璃子の肌に触れた瞬間抑えていた理性が疼き出した。

…まだだ…焦るなオレ

バレンタインの今日…予想通り璃子がヤキモチ妬いてくれた。

それもすげぇ分かりやすく…愛らしく…

いつもは昼飯を共にするのに 自分の机でさっさと平らげて 愛読書のたまごクラブをパラパラと捲る。

「仕掛けるならバレンタインの日だな。」

妊娠してから一度も抱いていないと口を滑らせてしまった先週の呑みの席

思いっきりその話に食い付いたのは長谷川さんと最近先輩面する佑樹と直也

璃子のことをよく知ってるこのメンツは頼んでもいねぇのに勝手に作戦会議を開いてた。

最初はくだらねぇと鼻で笑ってたけど 考えてみりゃもう丸々2ヶ月素肌に触れてもいなかった。

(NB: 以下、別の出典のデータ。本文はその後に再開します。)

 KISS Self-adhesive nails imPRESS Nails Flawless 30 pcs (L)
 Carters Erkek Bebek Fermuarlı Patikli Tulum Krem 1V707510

そりゃそうだ…可愛い唇にだって先月の終わりにやっと味わえたほど 璃子は悪阻で苦しんでいたから

夜だって俺がベッドに入る頃にはもうすっかり夢の中で、こっそり起こさないように体の線をなぞるのが精一杯

健康な男子の俺からすると就寝タイムはまさに拷問だった。

そりゃ今月に入って何度かタイミングはあった。…けど唇に熱を持つほど重ねたって

「おやすみなさい。」

ニコリと微笑んで言われりゃ、体がまだキツいんだとガキみたいに高鳴る俺の胸に言い聞かせて

「おやすみ」

抱きしめることしかできなかった。

そんな悶々とする日々の間に“バレンタイン”というピンチをチャンスに変えられるイベント

ヤツ等の言うとおりこれに乗っからないとまた溜め息ばかり吐き続ける夜が訪れてしまう。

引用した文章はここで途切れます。